Diese erste Tafel erinnert an ein Ereignis vom 03. August 1973. Sie befindet sich im Spicher Wald und zwar relativ nahe am Mauspfad, den man bei der Ausfahrt zum Spicher Waldstadion überqueren muss. Geht man durch ein kleines, unscheinbares Tor gelangt man auf einen Waldweg. Ca. 200m an der nächsten Weggabelung steht dieser Gedenkstein mit Gedenktafel:
So eine Info ist auch nach fast 50 Jahren immer noch schockierend. Sieben Todesopfer bei einem Verkehrsunfall - da möchte man schon genauer wissen, was da passiert wird.

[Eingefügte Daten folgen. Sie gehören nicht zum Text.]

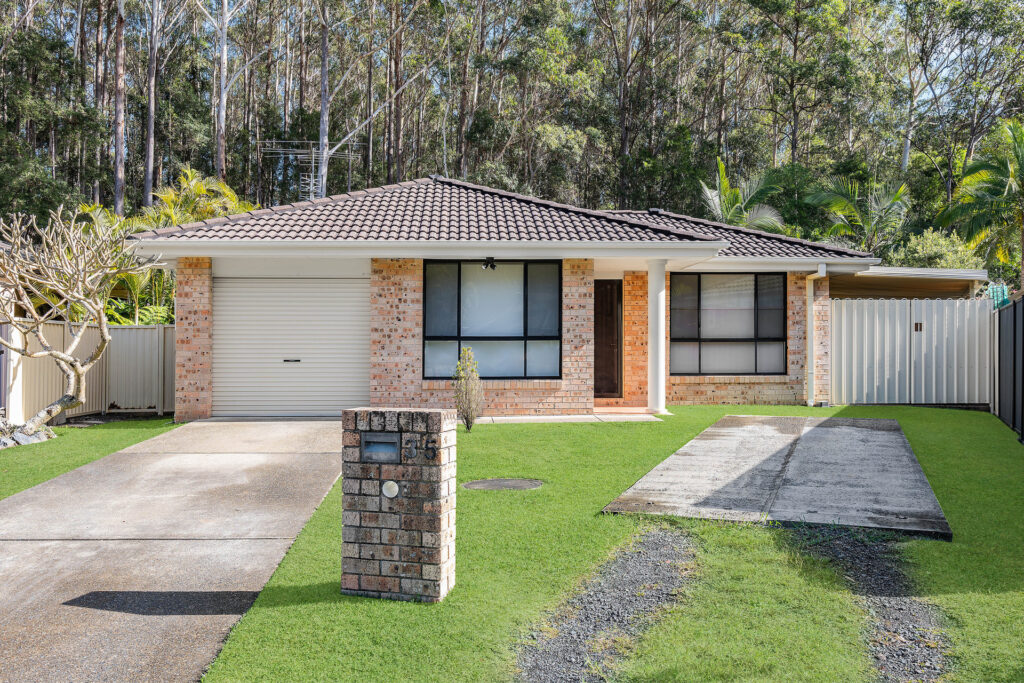 Sold - 35 Platts Close - New Property in Toormina - Real Estate by Shayne Long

Derzeit werden immer mehr Zeitungen digitalisiert und in Archiven bereit gestellt (Zeitpunkt NRW). Leider aus unserer Region noch nicht viel zu den Jahrgängen nach den 1950er Jahren. Aber das hier war ein überregionales Ereignis. In der "Honnefer Volkszeitung" wird am 06. August über das Ereignis berichtet:
Auffällig ist natürlich hier eine Abweichung: Der Artikel berichtet von acht Todesopfern - die Erinnerungstafel zeigt aber "nur" sieben Namen. Ob der Artikel nicht korrekt war oder ob ein Name auf der Erinnerungstafel fehlt, dass konnte ich nicht in Erfahrung bringen.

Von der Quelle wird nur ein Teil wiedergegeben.